A FORMER MP has warned that Cumbria will "fight to the end" to stop York’s Askham Bryan College selling off a campus in Penrith.

Lord Dale Campbell-Savours said that he and other campaigners against the sale of Newton Rigg had a "team of first class lawyers working on our case, ready to act if necessary in the courts".

He spoke out as the York college revealed that its sale of Newton Rigg, launched on Tuesday, includes two farms which have a combined guide price of more than £7 million: Sewborwens Farm, in Penrith, with a guide price of £5,500,000 and Low Beckside Farm in Mungrisdale, with guide price of £1,725,000.
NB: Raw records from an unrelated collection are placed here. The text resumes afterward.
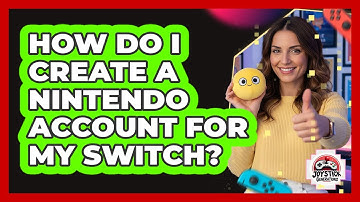 How Do I Create A Nintendo Account For My Switch?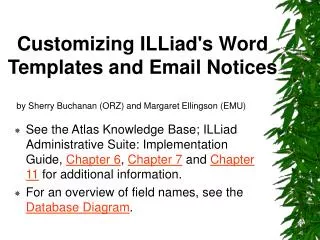 Customizing ILLiad's Word Templates and Email Notices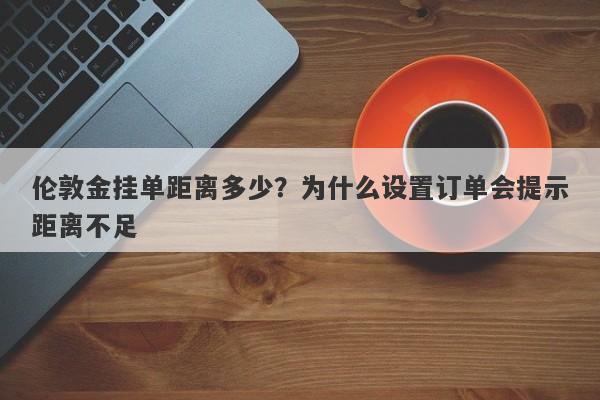 伦敦金挂单距离多少？为什么设置订单会提示距离不足
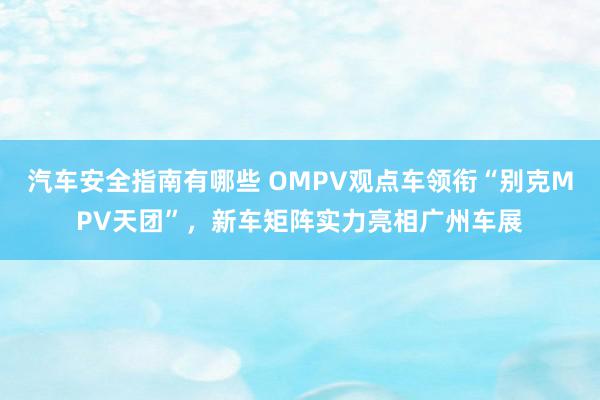 汽车安全指南有哪些 OMPV观点车领衔“别克MPV天团”，新车矩阵实力亮相广州车展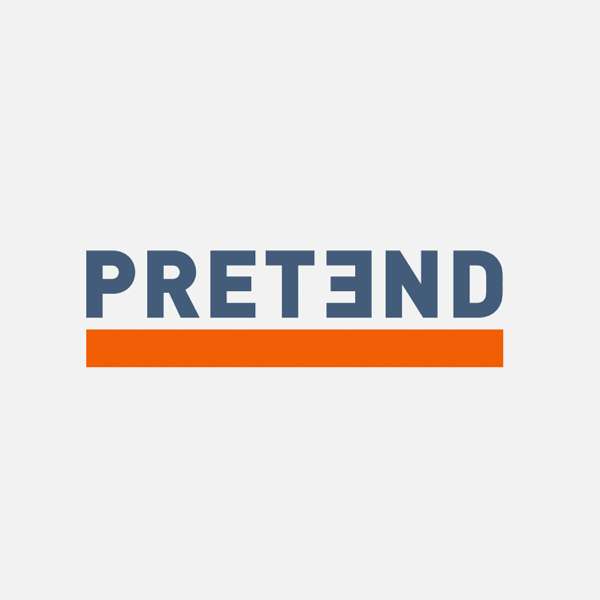 Pretend – a true crime podcast about con artists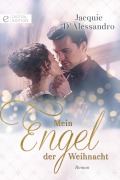 Cover-Bild zum Titel 'Mein Engel der Weihnacht' von 'Jacquie D'Alessandro'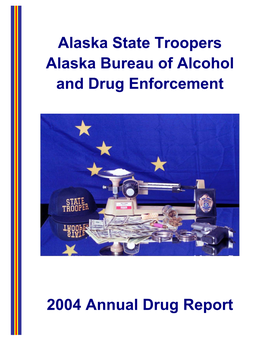Alaska State Troopers Alaska Bureau of Alcohol and Drug Enforcement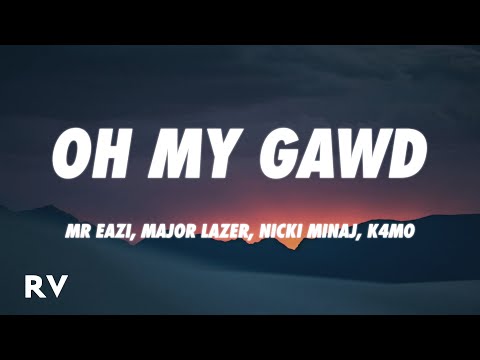 Mr Eazi & Major Lazer - Oh My Gawd (Lyrics) ft. Nicki Minaj & K4mo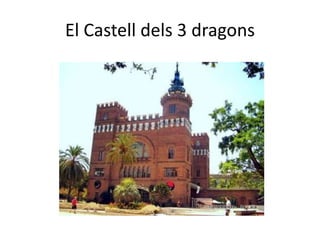El Castell dels 3 dragons
 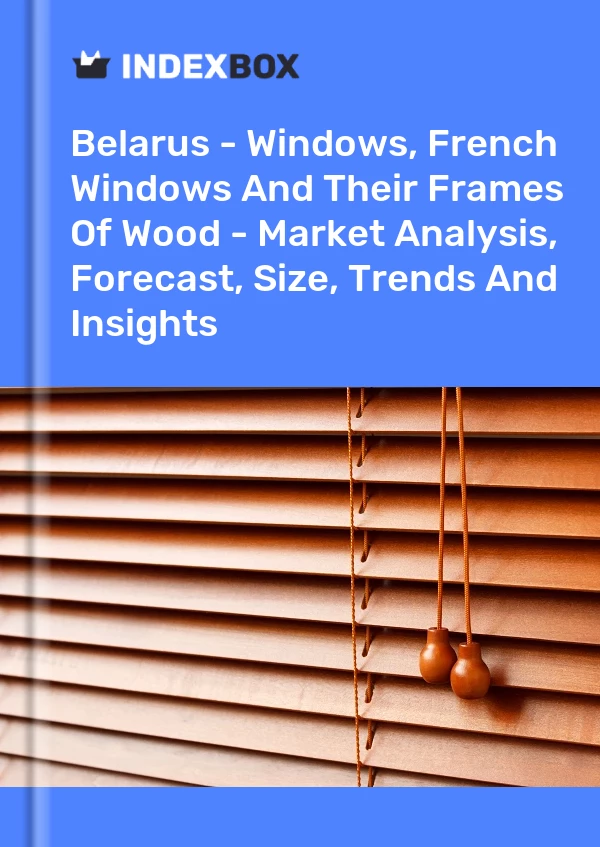 Report Belarus - Windows, French Windows and Their Frames of Wood - Market Analysis, Forecast, Size, Trends and Insights for 499$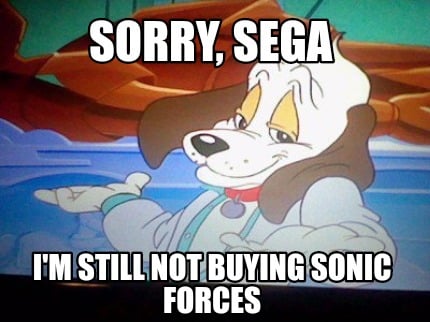 sorry-sega-im-still-not-buying-sonic-forces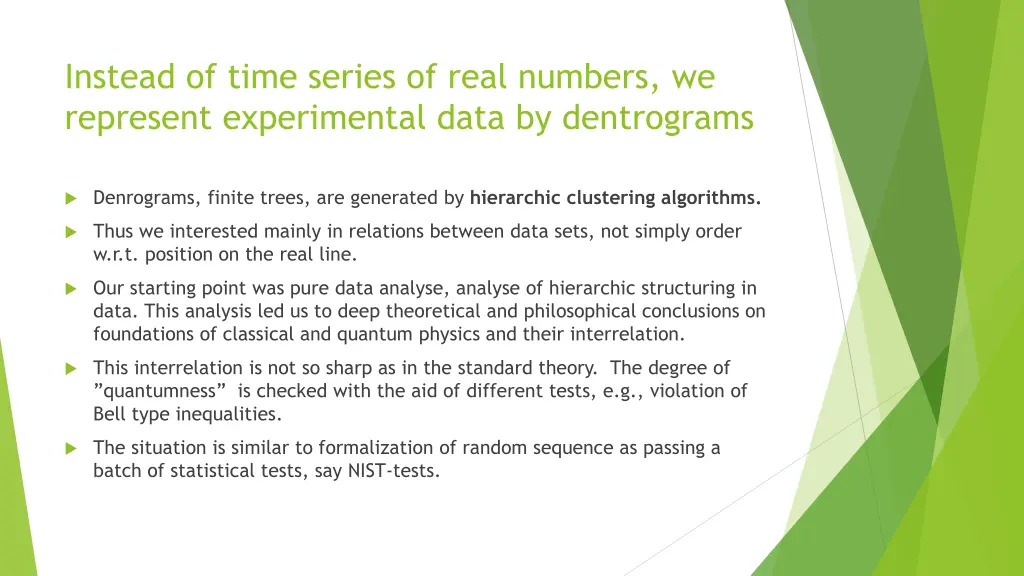 instead of time series of real numbers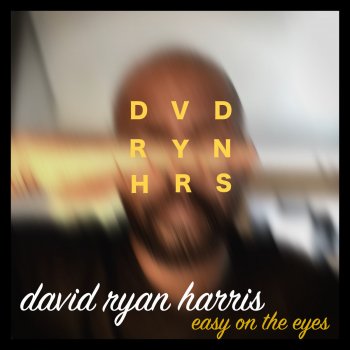 David Ryan Harris Easy on the Eyes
However, a spokeswoman said the campus itself was involved in a marketing and tender process without a guide price being issued to interested parties at this stage.

The Press reported on Tuesday that the sale was going ahead despite a storm of protest in Cumbria, which culminated in MPs slamming it as an "absolute disgrace" at a Defra select committee meeting in March.

Lord Campbell-Savours, the former long-serving MP for Workington, said yesterday in a statement: “The people of York need to know that their fine college with its equally historic traditions is now asset stripping on a scale unparalleled in my 42 years in the Commons and now in the Lords.”

He claimed Newton Rigg was "perfectly viable" as an agricultural college if properly managed by a new generation of Cumbrians working on site and not in York.

He added: “I along with thousands of Cumbrians of all political persuasions are outraged by Askham Bryan’s actions.”

College principal and CEO Tim Whitaker said it was "legally within its rights" to proceed with the closure and sale of the campus, and this had been confirmed by Government minister Gillian Keegan.

He also said the college "strongly refutes" asset stripping claims after having invested more than £4.4 million in capital and subsidised a significant annual operating deficit at Newton Rigg.

He added: “The college estimates that this subsidy amounts to up to £7 million between 2011 and 2020.”